Did someone say “socialize”?
“I have always thought tennis was social, but pickleball is even more social,” Spell said. “In tennis, I would have to get three other players, and we show up, and we rotate, and we have a fun time. How we do it here, there is a certain time at the Y… I will show up at 6:30, and there could be 14 of us, or there could be 22 of us. You never know how many will be there. But there’s going to be somebody there for me to play with. You play a game, you sit out your turn, and you let somebody else play. What I like about it is there is so much socializing between games.”

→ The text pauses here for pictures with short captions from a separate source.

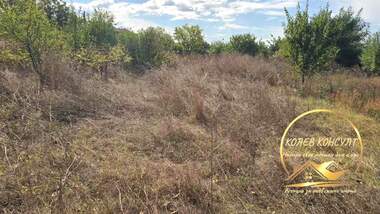 For sale - For Construction in Dimitrovgrad,  Haskovo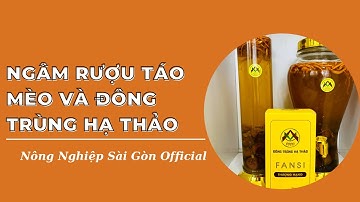 Ngâm Rượu Táo mèo và Đông trùng hạ thảo| Hotline: 0865.19.79.39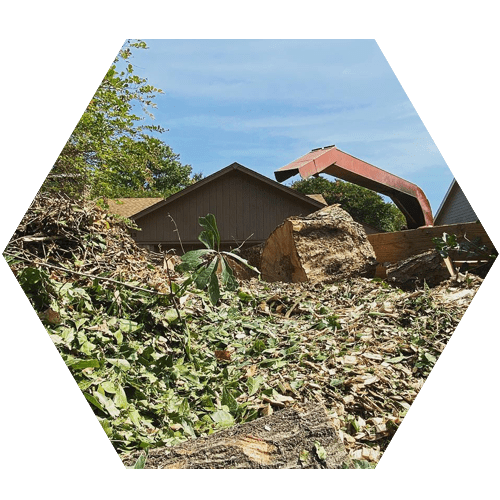 Earthwork Solutions Professional Clean up Services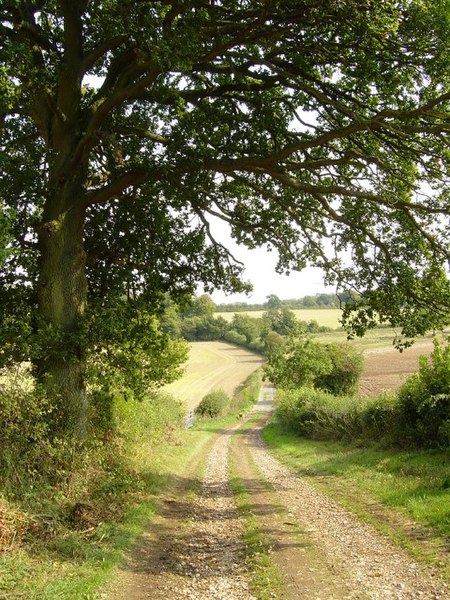 File:Tinker's Lane, Bentworth - geograph.org.uk - 240536.jpg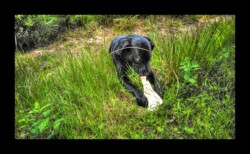 Dabo - Pause déjeuner Dabo - Pause déjeuner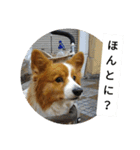 the welsh corgi youcan'twork5（個別スタンプ：15）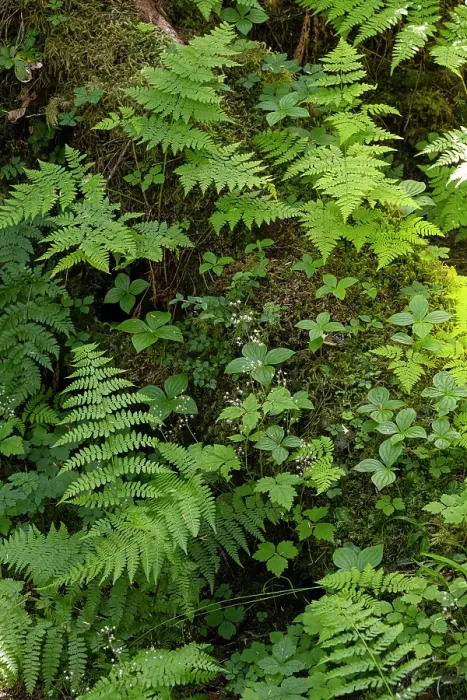 Framed Print : USA, Alaska. Bracken fern and mosses cling to tree trunk, Tongass National Forest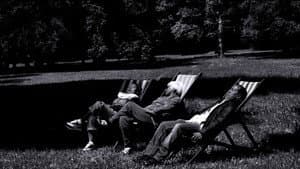 Come la notte — foto 3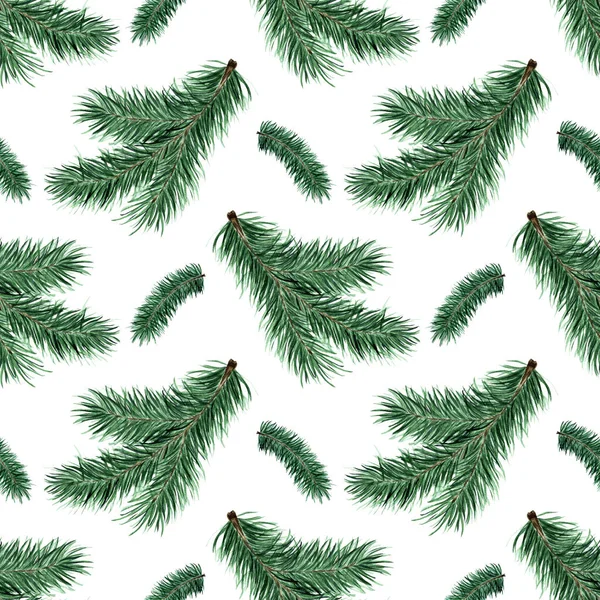 페인팅 가문비나무가지 크리스마스와 신년을 무의미하게 반복되는 식물학 계절성 디자인 생태학 — 스톡 벡터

There is a stigma that pickleball is for the “older” age group. However, Mackie says the game can be enjoyable for anyone.
“It’s really a sport for all ages. The nature of the game means it’s a lot easier on the body. If you’re playing on a smaller court, a lot of the game-play is up at the net. You’re not running around, putting a lot of strain on your body like you might be if you were playing tennis or basketball. For that reason, folks – especially seniors – can play a lot later in life. That really helps the sport appeal to anyone from age 5 to 95.”
To meet the demand, pickleball courts have popped up all over town. Easy, because construction isn’t required.
“The nice thing with pickleball is you can set up a court almost anywhere,” Mackie said. “It’s a lot smaller footprint than a tennis court or, for sure, a golf course. You can place temporary lines and have portable nets, so with the same facility – like at a YMCA – you can have certain hours for basketball and other hours for pickleball.”